Some believe that a “win-win” relationship means they have left something on the table and that they haven’t achieved the optimum outcome for their business. In fact, many would go further, insisting that their suppliers experience a level of pain in winning their business before they can feel comfortable that they have achieved a good result for their own business.
If we define business success purely in terms of profit, then there are a number of factors that can influence the success of each party in a business relationship. To appreciate these fully, it is important to understand the key business drivers of not only your own business, but also those of the suppliers in which you rely. Once you understand these drivers you are in a much better position to explore alternatives and develop strategies that are not only beneficial to your business but also truly benefit the suppliers you partner with.

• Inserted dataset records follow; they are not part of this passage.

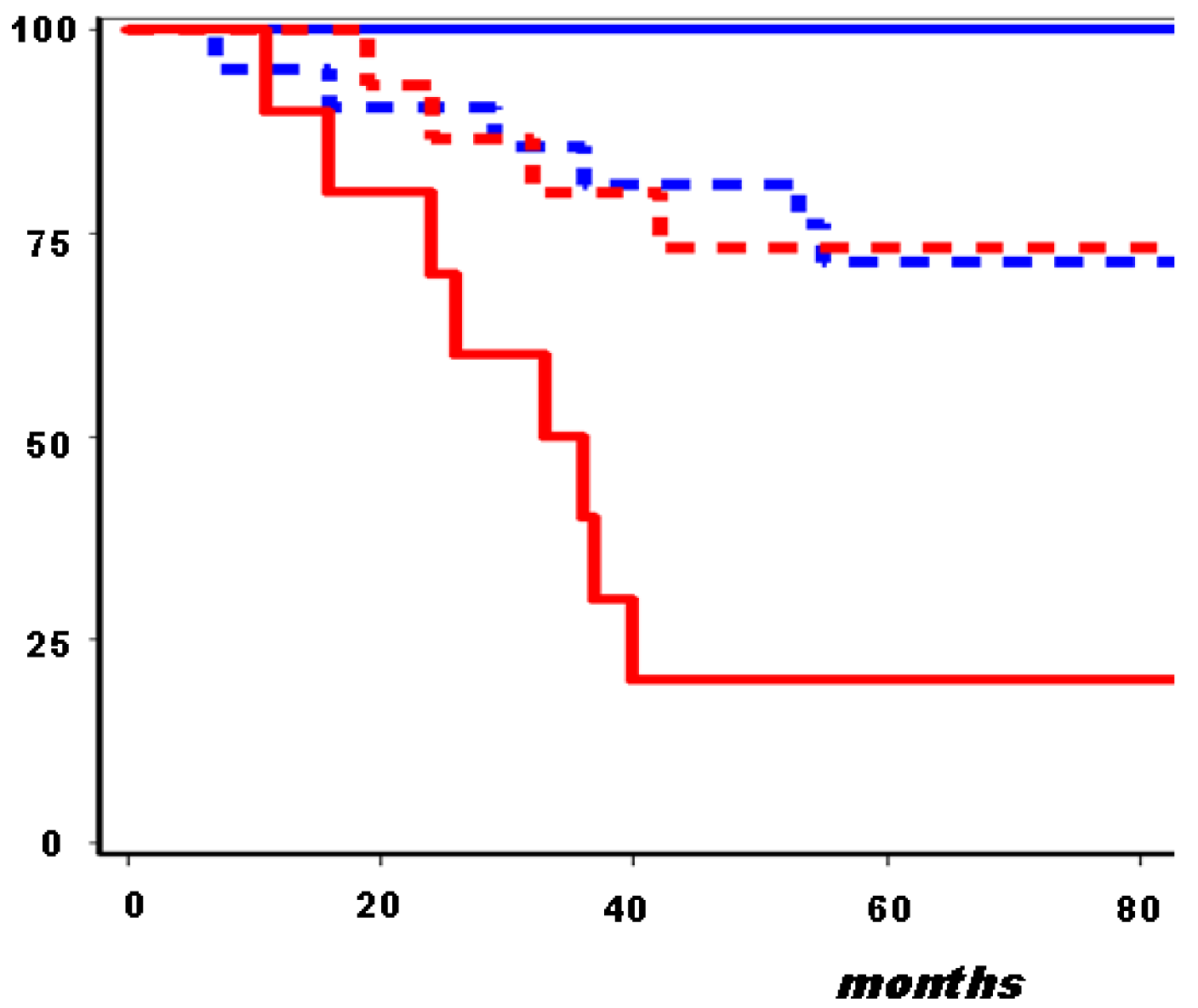 Cancers 03 01405f1 1024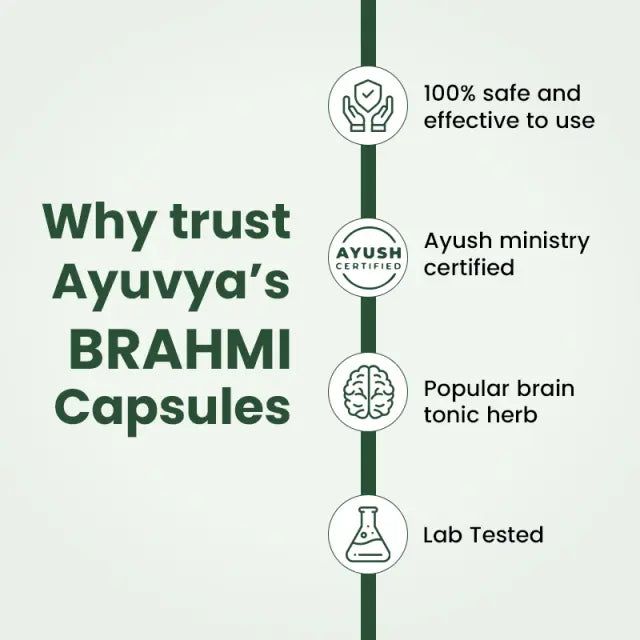 Ayuvya Brahmi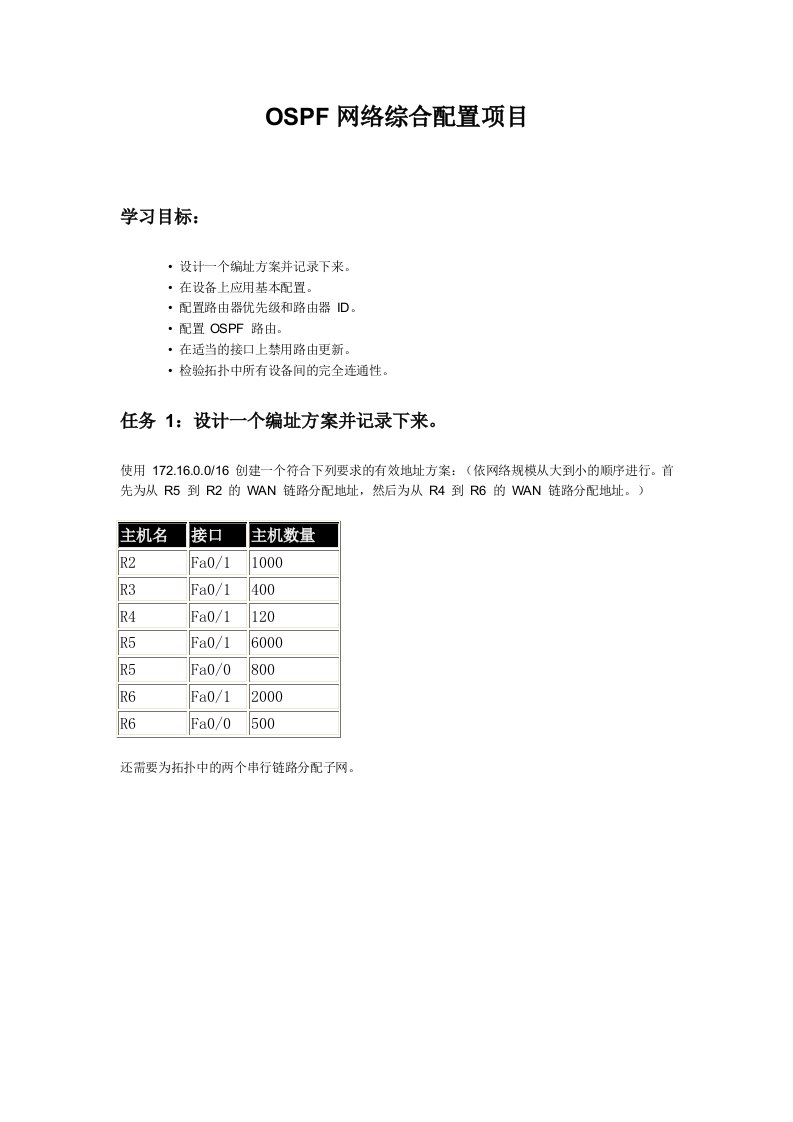 学习任务七（OSPF网络配置综合项目）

Sales volumes, costs of doing business and ultimately profitability are impacted by any number of factors in addition to the direct cost to the supplier of the product or service in question or the price you ultimately end up paying for that product or service. Some examples of other contributing factors include;
· Utilisation of resources
· Delivery performance
· Production scheduling
· Lead times
· Material substitution
· Customer and product support
· Design for manufacture considerations
· Economic order quantities
· Payment terms
· Inventory holdings
· Freight & Packaging
· Administration & order processing
In addition, there are a number of value-add factors that businesses can explore to deliver further benefits, including;
· Networking and joint marketing opportunities· Product training
· Joint product development
· Sharing of best practice systems and business processes
· Business referrals
A purely transaction based purchasing approach of beating a supplier down to their lowest price, or the widely adopted approach of getting three prices to supposedly ensure you have received the best deal fail to take these factors into consideration. While they may yield some short term benefits for one party in some cases, they do not offer the same sustainable opportunities and benefits for both parties that can be achieved through a more collaborative approach.
When executed effectively, a more strategic approach to procurement and resultant supplier relationships will deliver benefits and profitability over and above that which could be achieved through a purely transaction based purchasing approach, benefits for both parties that result in more collaborative relationships that drive sustained performance and open up further opportunities for improved profitability and mutual gain...... a true “win-win” relationship for all concerned.